Java (Jawa) is an island of Indonesia and the site of its capital city, Jakarta. Once the center of powerful Hindu-Buddhist kingdoms, Islamic sultanates, and the core of the colonial Dutch East Indies, Java now plays a dominant role in the economic and political life of Indonesia. Home to a population of 130 million in 2006, it is the most populous island in the world. Java is also one of the most densely populated regions on Earth.
The Sukuh temple (Candi Sukuh) is just a small temple in comparison to the well-known Borobudur and Prambanan complexes in Central Java. Sir Thomas Raffles discovered the Sukuh temple in 1815 but only recently the temple is seen as worth a visit because of it's antiquated and unique characteristics.
The Sukuh temple is located in the village of Sukuh, at some 35 kilometers east of Surakarta in Central Java. The Javanese Hindu temple is located at an altitude of 910 meters above sea-level on the foothills of the Mount Lawu volcano.
Some archeologists assume that the temple was built in the 15th century, most likely at the end of the Majapahit empire (between 1293 and 1500 CE). One of the reliefs on the temple walls is depicting a giant eating a human being.
The relief is carved into a wall near the northern entrance and is most likely depicting Gapura Buta Mangan Wong. It is an inscription representing the year 1359 in the Saka calender (the Javanese Calender) or 1437 CE. That is currently assumed to be the year of the construction of the temple.

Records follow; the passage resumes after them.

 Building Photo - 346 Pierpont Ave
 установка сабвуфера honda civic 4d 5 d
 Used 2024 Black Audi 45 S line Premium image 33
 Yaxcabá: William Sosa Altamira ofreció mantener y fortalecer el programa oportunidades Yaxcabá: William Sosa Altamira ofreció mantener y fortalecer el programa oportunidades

To reach this temple, you can take the main road from Surakarta in the direction of Tawangmangu, which is a famous tourist destination on the slopes of the Mount Lawu volcano. There are clear signs pointing you in the right direction. You only should be aware of the state of your vehicle, as the road near the temple is rather steep.
The Sukuh temple has three concentric terraces which are connected by small alleys. The main temple is situated at the last terrace. Unlike Hindu and Buddhist temples, which have square shrines, this temple has a trapezium shape, which is similar to temples made by the Maya civilization in Central America.
The uniqueness of the Sukuh temple lies in its landscaping, the oddly carved statues and reliefs. The temple has once been named 'unrefined' and it was then suggested that the temple might have been built in the time that there was civil war between Islamic and Hindu communities.